Lunches and dinners often times include pickles.
(September 1, 2010)

- Driving: avoid busy streets, because there may be too much going on to process the movements, noises, lights, and so on. Practice a long time on easy roads before going out on highways and more traffic.
- Do hatha yoga.
- "I became aware that I can't understand what the person next to me is saying because there is so much noise."
- When the going gets tough, sit down and pull over - and breathe. Don't push yourself past your breaking point.
- Use the time you spend traveling from place to place to learn new things. Listen to soothing music if you must concentrate on driving. Listen to audiobooks and interesting interviews if you are traveling on the bus, train, or airplane.

Music we've checked out of the library.
(Taken on June 28, 2013)

- Drape a "lap buddy" (pillow or tube sock filled with beans or fish-tank  gravel) on your thighs or shoulders to provide calming weight.
- Fidget with handheld items that are appropriate for the place (Chinese therapy balls at home, squeezable gadgets in public places).
- Advocate for yourself in a school setting and let instructors know if certain things bother you or if you need extra time and a quiet room for exams.
- Spend lots of time outdoors, ideally in the country or woods. Looking, listening, and moving outdoors will enrich your understanding not only of the subject you're studying, but also of biology and earth science.

Girls enjoying being outdoors.
They are exploring the pond in the west pasture.
(Taken on March 30, 2011.)

- Listening to instrumental music when your work involves reading and writing; and music with lyrics when work is manual - like painting or raking.
- Get at least 30 minutes of whole-body exercise preferably outdoors, every day and at least three hours before you go to bed.
- For two hours before going to sleep, avoid electronics that can interfere with relaxation and suppress the release of melatonin, which brings on drowsiness.
- Relax with a calming activity: rock in a rocking chair; take a warm bath; read a real book or magazine.

Olivia reading to Montague.
(Taken on December 3, 2012.)

- Block out house or street sounds with a fan or white noise machine.
- Ways to create a sense of belonging: Do activities together such as preparing food, walking the dog, doing errands, watching a movie, playing board games, organizing photographs, or designing scrapbooks.
- Become "compassionate collectors." A socially-active enterprise has innumerable benefits for the family and community. Not only does this work encourage mindfulness of others, but it also nourishes the sensory systems and develops praxis. Examples: grow and/or prepare food to bring to a shelter for homeless people. Collect clothes, toiletries, and cosmetics or food; and then sorting, boxing, lifting, and carrying the items to a shelter.

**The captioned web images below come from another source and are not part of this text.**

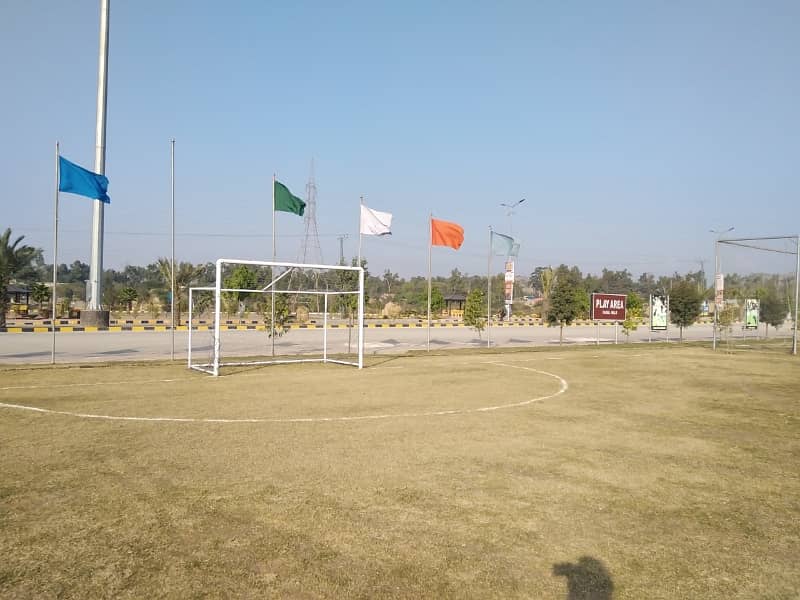 Prime Location Residential Plot Sized 1800 Square Feet In Faisal Hills - Block C 9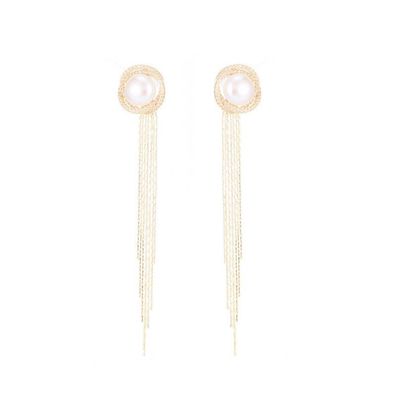 Modischer Damenschmuck: Ohrringe mit Perlen und Strass-Quasten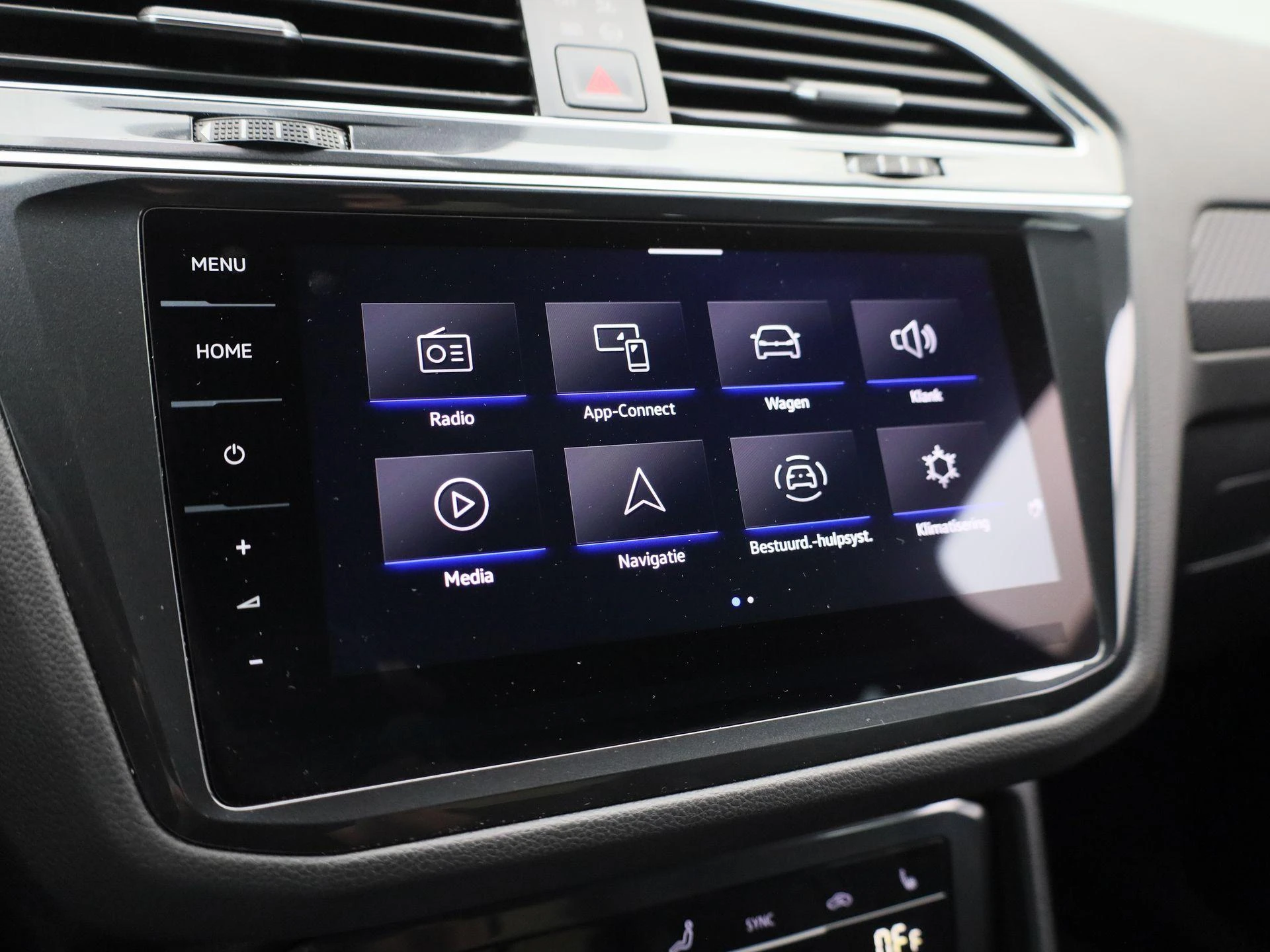 Volkswagen-Tiguan-image-24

Sophia and Olivia with some of the books they collected
to create the first-ever library in Lesotho, Africa.
(Taken on May 30, 2012.)

- "My inability to pick up on social cues, coupled with my mental and emotional dysfunction...skewed my thought process. My extracurriculars were nonexistent."
- "I developed an addiction to the internet. When I wasn't in class, I was on the computer....I never went to parties, never drank, and never did drugs. I didn't go to parties...because I felt like I needed a direct invitation."
- "I rarely had contact with other members outside of group events....I still feel like I need permission to join in with others."
- "Accumulated sensory input, especially noise, can be way too much to handle, which is why I often isolate myself in my room with the door shut."
- "Those of us with SPD spend more time with our families than with peers, especially if family members are caring and accepting and try not to push our buttons."

The girls' First Communion.
Olivia was almost 7 years old and
Sophia just turned 9 years old.
(Taken on January 10, 2010.)

- "While our self-confidence may not grow as quickly, and we may not be as well prepared for adulthood, we still benefit greatly from having tight-knit family bonds."

The girls with my mom and me.
A rare three-generation photo.
(Taken on February 9, 2014)

One of the mothers of a daughter with SPD said, "Raising my daughter has been one of my most joyful and rewarding challenges." I couldn't agree more!